UNASUR

President Bharrat Jagdeo last week signed a treaty in Brasilia to establish the so-called Union of South American Nations (UNASUR). Comprising Argentina, Brazil, Bolivia, Chile, Colombia, Ecuador, Paraguay, Peru, Suriname, Uruguay and Venezuela, in addition to Guyana, the fledgling union is aimed at promoting continental integration, with particular emphasis on strengthening political dialogue, economic cooperation, social cohesion, energy integration, environmental protection and infrastructure development.

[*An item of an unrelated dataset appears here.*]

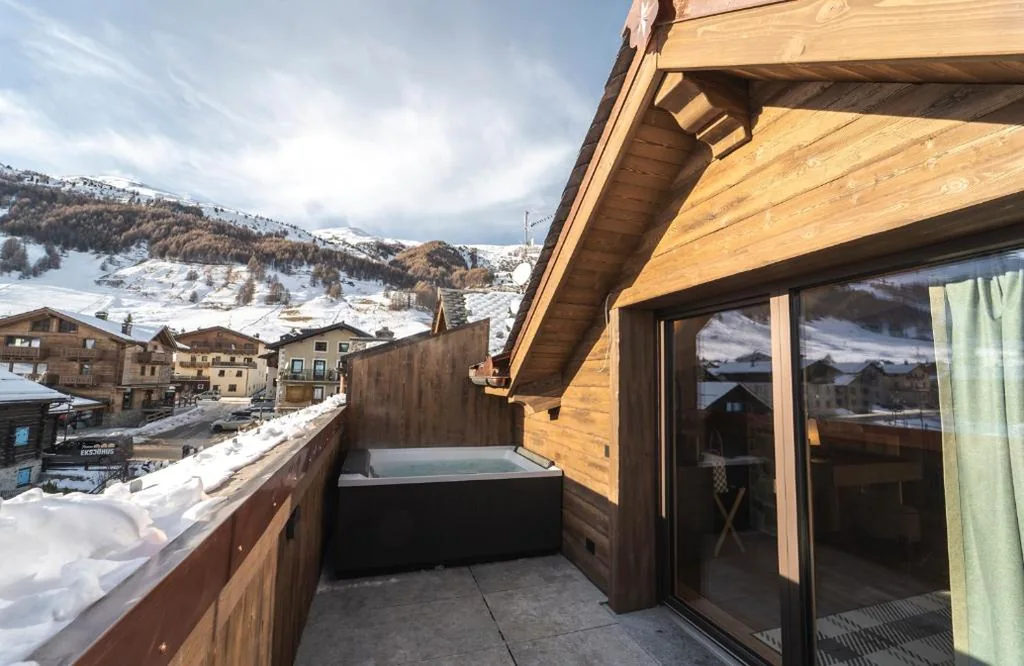 Deluxe Suite with Whirlpool Tub — Mont Chalet Nevada – Hotel & Spa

Once ratified by its members, in accordance with their respective constitutional requirements, UNASUR will begin to take formal, operational shape. It will have three councils – at the level of presidents, foreign ministers and delegates – and a secretariat in Quito, Ecuador. Heads will meet annually (yes, more summits!) and foreign ministers every six months. Sectoral ministerial meetings will also be held as determined by the presidents. Former Ecuadorian President Rodrigo Borja has reportedly been nominated for the position of Secretary General and Chile’s President Michelle Bachelet will be the first to hold the rotating presidency of UNASUR.
UNASUR is the result of the vision of Brazilian President Lula da Silva, going back to the First Summit of South American leaders which he hosted in Brasilia in August 2000. It has emerged after progressing through successive summits aimed at deepening regional cooperation and integration, most notably through the initiative for the Integration of the Regional Infrastructure in South America (IISRA), established by the Second South American Summit in Guayaquil, Ecuador, in July 2002 and then through the promulgation of a South American Community of Nations, launched at the Third Summit, in Cuzco, Peru, in December 2004.

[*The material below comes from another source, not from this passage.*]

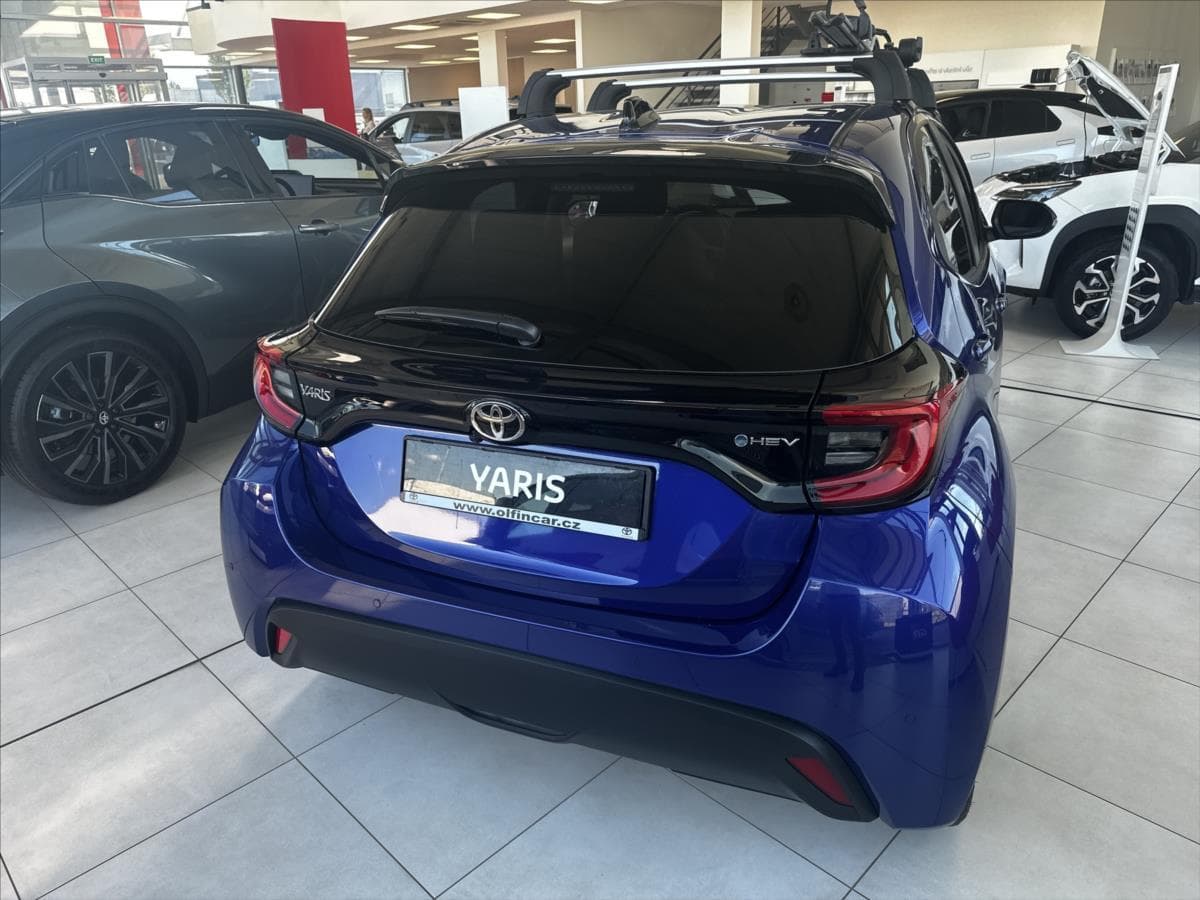 2026 Toyota YARIS - 4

President Jagdeo has been a regular attendee at these South American summits and had signalled his early commitment to Lula’s project, built around the two main integration groupings in South America, the Southern Common Market (MERCOSUR – Argentina, Brazil, Paraguay, Uruguay and Venezuela) and the Andean Community of Nations (Bolivia, Colombia, Ecuador and Peru).

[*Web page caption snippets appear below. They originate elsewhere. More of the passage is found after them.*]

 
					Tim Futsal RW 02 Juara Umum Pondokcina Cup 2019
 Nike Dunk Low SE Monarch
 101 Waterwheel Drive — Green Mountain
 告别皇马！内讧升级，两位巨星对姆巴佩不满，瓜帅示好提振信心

The eventual outcome could well be the creation of a South American version of the European Union, but these are still early days for the long-standing and ambitious Latin American dream of continental unity.

Apart from the power of Lula’s charisma, the economist in Mr Jagdeo would no doubt have been swayed by the numbers put forward by Lula, who sees the future growth of South America in terms of the creation of a vast internal continental market, based on some 360 million people, with a GDP of almost US$1 trillion and exports of goods and services worth US$180 billion.

Mr Jagdeo would in all likelihood have also been convinced of the benefits of integration with South America as evidenced in the literally concrete progress being made in the construction of the bridge over the Takutu. The IISRA also envisions an all-weather Lethem-Georgetown road, which could open up a huge market to the south. 

Of course, there are those who view UNASUR as a thinly disguised strategy by Brazil to assert its hegemony in the region. Brazil is after all the largest economy in Latin America and borders all the other countries of South America except for Chile and Ecuador.

Then there is the Chávez factor. With the rise of the radical left in Latin America, fuelled by the Venezuelan President’s petro-dollars, Lula has portrayed himself as the moderate face of the left, playing a more statesmanlike role in rallying other regional leaders behind him.

Rather than seek confrontation with Mr Chávez though, Lula has engaged with him. Lula has supported the Venezuelan’s idea of the Bank of the South, launched in December 2007, with working capital of US$7 billion, of which Venezuela is contributing US$3 billion and Brazil US$2 billion, to finance regional development and combat poverty in the region. And Mr Chávez has supported the Brazilian proposal for a South American Defence Council, as a regional security mechanism for preserving territorial integrity and preventing foreign interventions.

Colombian President Alvaro Uribe has however blocked approval of the council for the moment, citing the threat of terrorism and the continued possibility of carrying out extra-territorial actions. A task force comprising representatives of the defence ministries of UNASUR will work on preparing a new proposal in three months’ time.

Both the Bank of the South and the Defence Council will be important components of the UNASUR project.

There is undoubtedly great potential for benefit for Guyana in terms of our physical integration and through development cooperation and trade with the rest of the continent. UNASUR could well help to unlock that potential and, in truth, we could not have afforded to be left out.

It is not clear however what Guyana’s financial obligations will be or just how a depleted foreign ministry will properly service and secure benefits from yet another regional process with the plethora of meetings and activities that are bound to ensue. Indeed, one wishes that the government could have engendered a broader, national debate, involving civil society and the private sector, on the pros and cons of signing on to UNASUR before the fact, rather than having it presented as a fait accompli, with little public awareness of the new treaty obligations and their implications for our national security and development.